The artist Amedeo Modigliani was born in Leghorn, Italy, on July 12, 1884. At the moment of his birth, moving men were taking away most of the furniture in his house, for the family business had just failed. The Jewish family had been prosperous, but as Dedo—this was Modigliani's childhood nickname—grew up there was little money. In spite of this, his mother encouraged his early interest in art, and he was given painting lessons at 14.

When he was 16, Modigliani was stricken with tuberculosis, and he was sent south to Naples for the winter. He also visited Rome, Florence, and Venice, and was thrilled by the activity of the big cities. For the first time he saw great Italian painting and sculpture. While he was in Venice he decided that his life's ambition was to be a sculptor—to work directly in stone.

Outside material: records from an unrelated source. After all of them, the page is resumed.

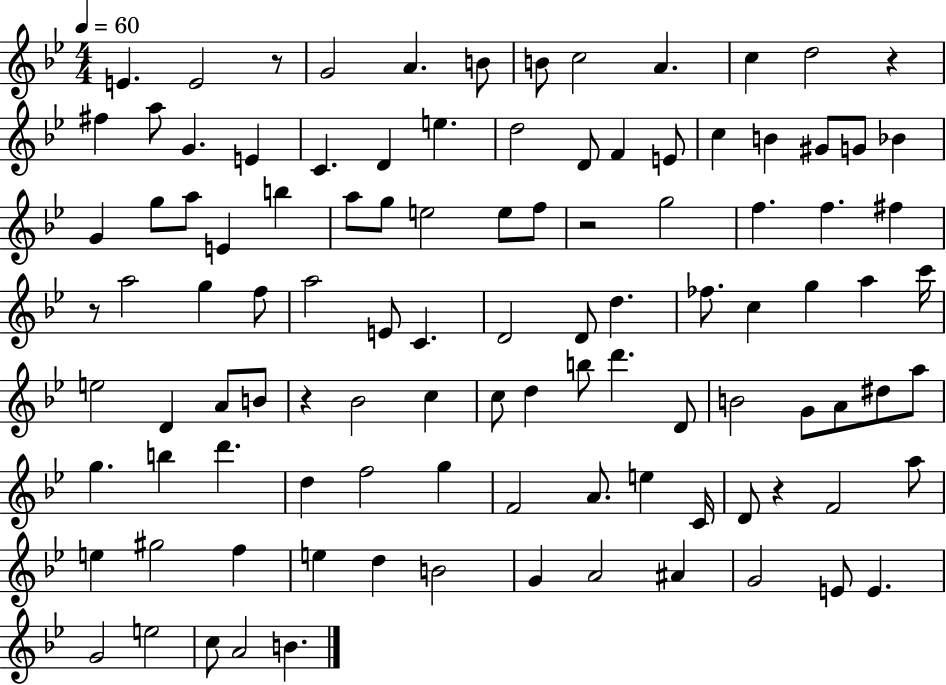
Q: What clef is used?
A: treble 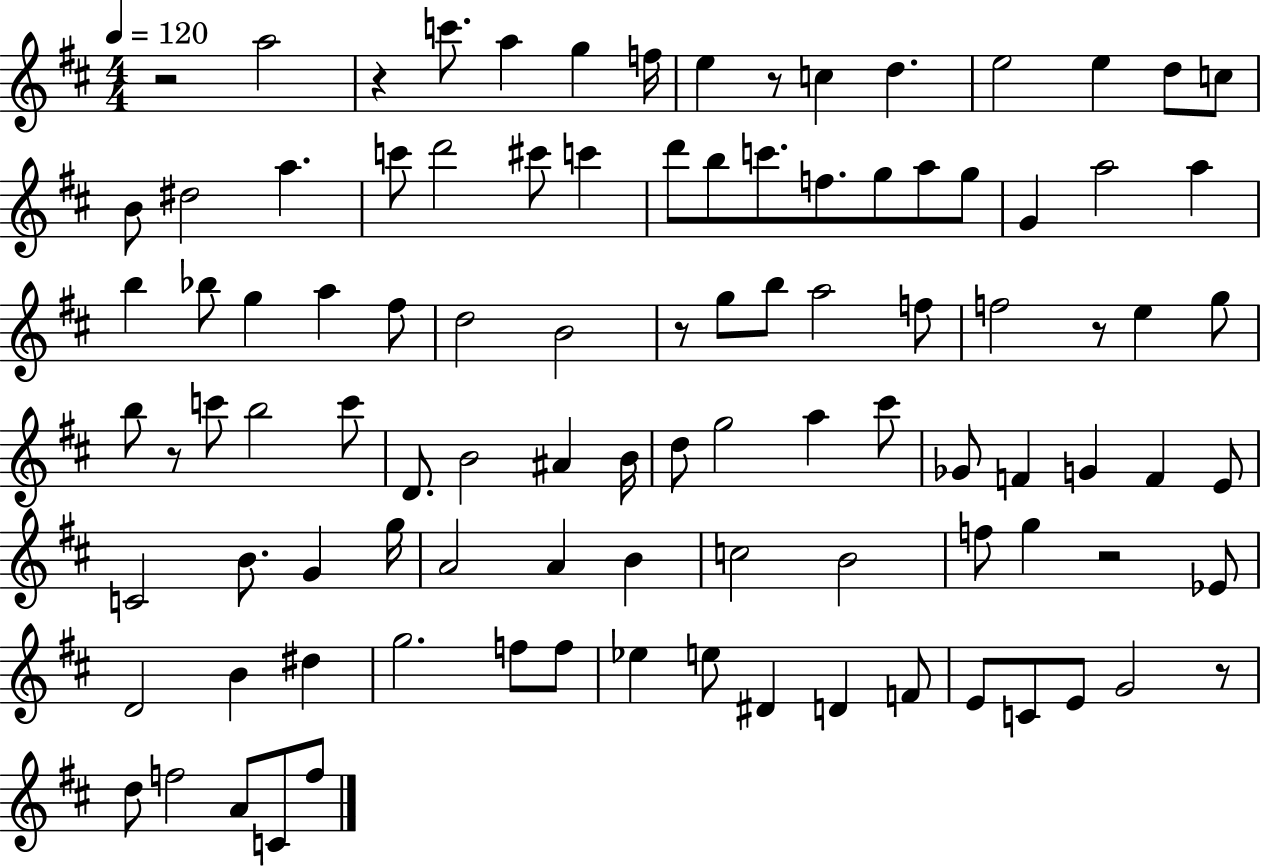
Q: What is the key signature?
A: D major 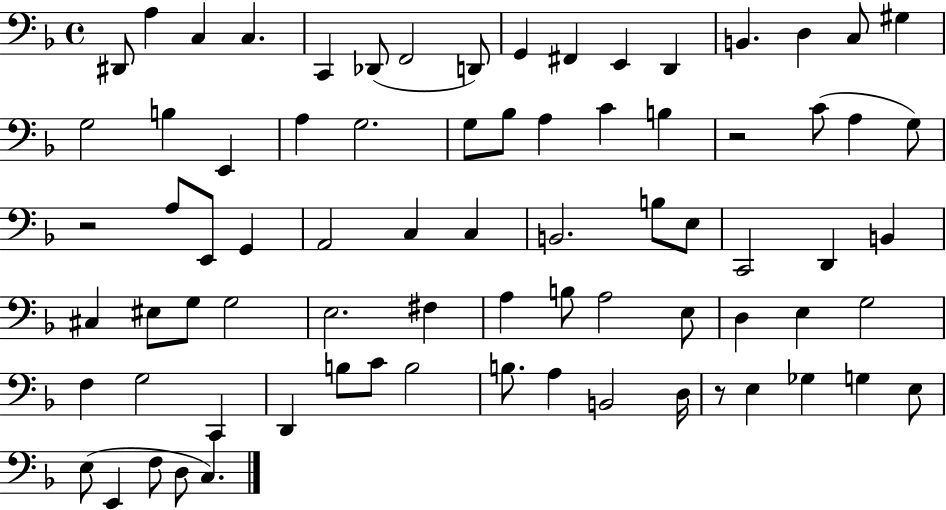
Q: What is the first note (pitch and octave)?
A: D#2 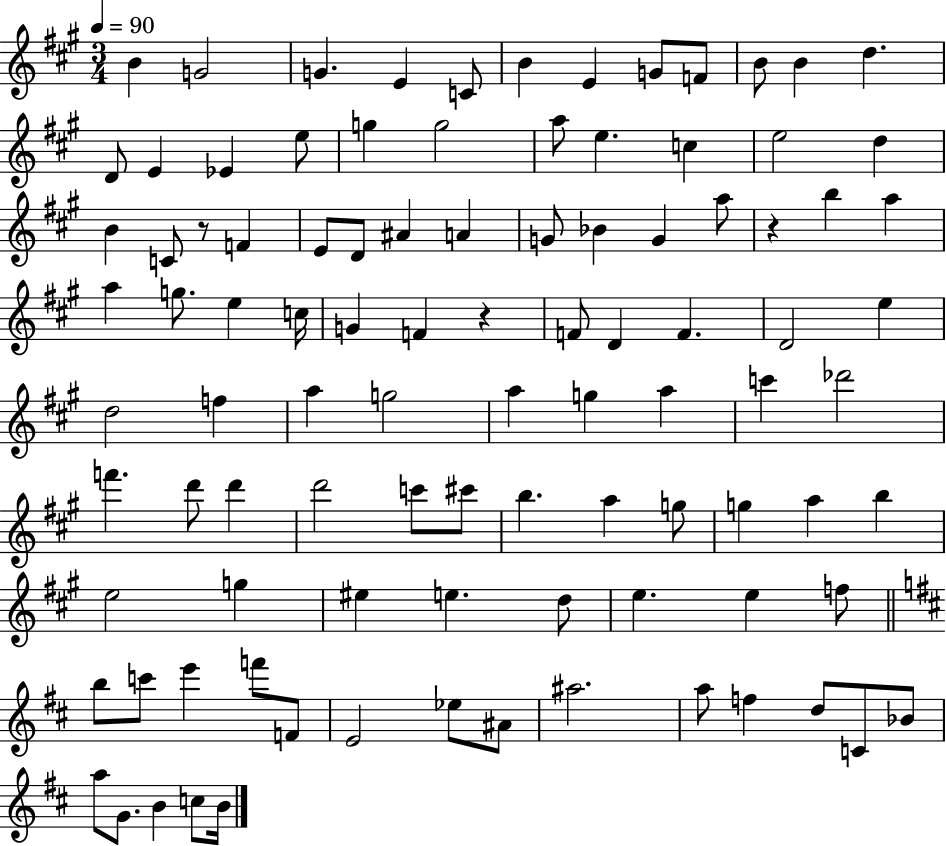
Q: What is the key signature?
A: A major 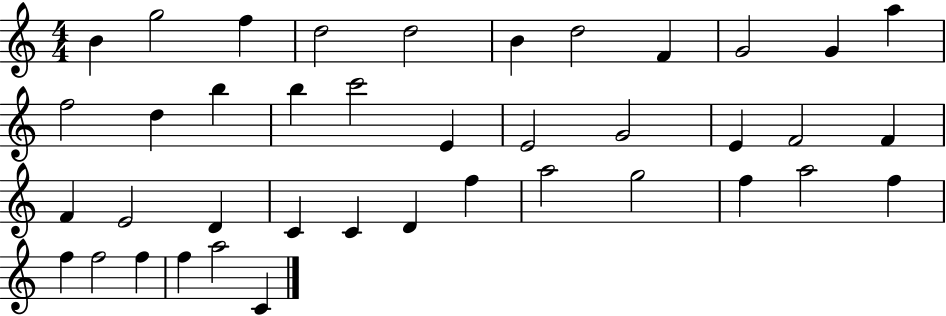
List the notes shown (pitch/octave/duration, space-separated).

Modigliani went to Paris in 1906. He entered an art school, the Colarossi Academy, and rented a studio in Montmartre, a section of Paris where artists lived, worked, and met. While there, he became friendly with the artists Pablo Picasso and Marc Chagall.

Materials for sculpture were expensive, and he begged stone from workers constructing a nearby building. The stone dust irritated his weakened lungs, but he persisted, happy to be pursuing his ambition. When his money ran out, Modigliani moved from place to place, looking for food and lodging. For a few pennies or a drink, he would draw portraits of people sitting in cafés. It is said that he and the painter Maurice Utrillo peeled vegetables together for room and board.

Occasionally he stole ties from subway tracks to make sculptures in wood. His family helped him as much as they could, but he was always in need of money. He started drinking too much and taking drugs. Yet he drew and painted constantly. When he was in moods in which he felt unappreciated, he would destroy some of his paintings. He worked in stone as often as he could, but in 1916 his poor health forced him to stop.

Modi (as he was then called) made friends with many young artists, writers, and poets. He was often seen around the cafés in his corduroy jacket, red scarf, and broad-rimmed hat. In 1914 he sold a few of his paintings for low prices and began to gain recognition. In 1917 he met a young art student named Jeanne Hebuterne; they fell in love. Even her loving care could not restore Modigliani's ruined health, for he died on January 25, 1920. The final tragedy was her suicide the day of the artist's funeral. Their daughter, Jeanne, was adopted by Modigliani's sister.

Portrait painters usually portray their models with noble and serene expressions. But the faces in Modigliani's paintings appear sad. He did not try to portray his subjects realistically. Instead, his human forms are simple and decorative. Modigliani used few colors, and he used them forcefully. He did not soften them with shading.

The figures Modigliani painted have oval faces, long cylindrical necks, and almond-shaped eyes. His painting and sculpture reveal his interest in black African art, which is also created with simplified shapes.